In un certo grado, sì. La BCE ha effettuato una politica monetaria molto intelligente. Il presidente Draghi è stato molto abile a veicolare il supporto per il QE.
Personalmente, ritiene che l’uscita dal QE stesso sia più veloce che lenta. Questo per l’impatto che, nelle nazioni europee, e sicuramente in Italia, la politica monetaria molto accomodante ha avuto nella percezione della necessità di agire sulla politica economica e su quella reale.
Molte promesse elettorali sono state fatte in maniera molto “libera“, diciamo, per non dire irresponsabilmente. Ed una delle ragioni è che non c’è un sentimento di pressione, un senso del “fare presto“.
Nessun partito, che sia populista o meno, ha ancora nel proprio programma una benché minima idea di lasciare l’euro. O di indire un referendum per sentire cosa ne pensa la gente. E questa cosa è certamente positiva.
Il costo di lanciare promesse costose è senza limiti, al contrario, ed è bene ricordarlo. Per questo lo stanno facendo tutti. Non c’è pericolo che queste promesse possano essere onorate, tuttavia. E fortunatamente non verranno onorate. E chi sarà il colpevole per questa mancata promessa da mantenere? L’Europa, naturalmente. Saranno gli obblighi europei che non permetteranno che queste promesse vengano onorate, nella narrativa dei partiti. E sarà facile per qualsiasi partito accollare all’Europa questa colpa, usando questa scusa.

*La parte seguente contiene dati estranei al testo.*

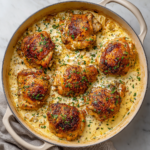 Creamy Oven Baked Chicken Thighs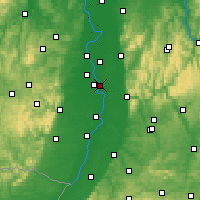 Nearby Forecast Locations - Neuostheim/Neuhermsheim - карта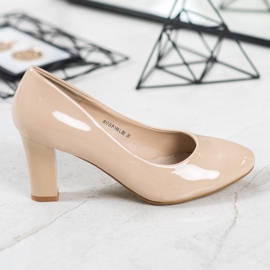 SHELOVET Beige Pumps 2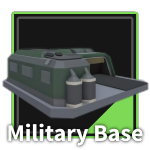 Military Base Tower from the Tower Defense Simulator Roblox experience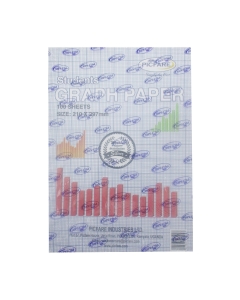 Picfare, Graph Paper, 1MM, 100 Sheets per ream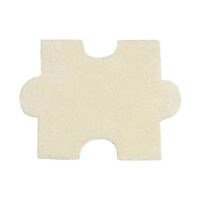 Tapis puzzle de sol pour enfant doux blanc crème YOUPI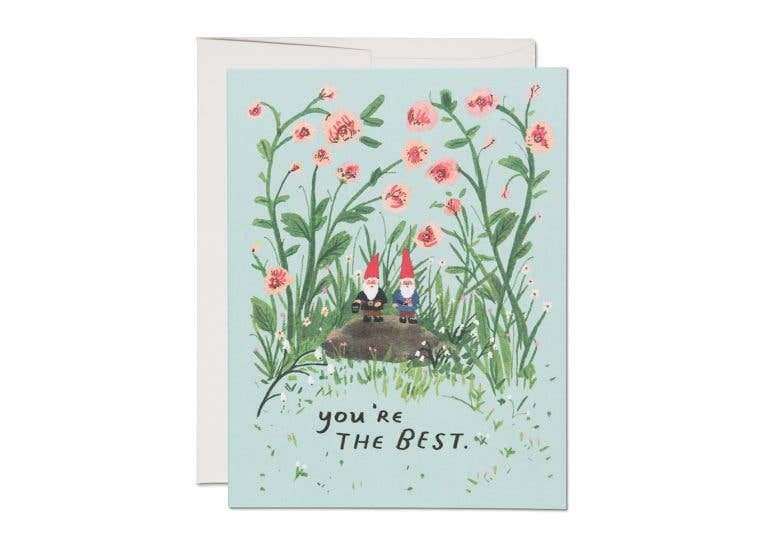 Garden Gnomes Friendship Card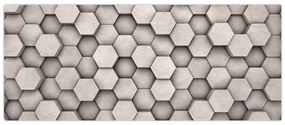 Tablou - Hexagoane design beton (120x50 cm)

Questa, dopotutto, è la tradizionale divisione di compiti tra le politiche nazionali e quelle europee. L’unica cosa negativa è che ad ogni round elettorale il gap tra l’opinione pubblica domestica e l’Europa cresce. Nel marzo 2019 ci saranno le elezioni per il rinnovo del Parlamento Europeo; potrebbe quindi riaffacciarsi, sfortunatamente, l’idea di “lasciare l’euro” da parte dei partiti populisti. E questo perché, allora, il tema del contendere sarà proprio l’Europa.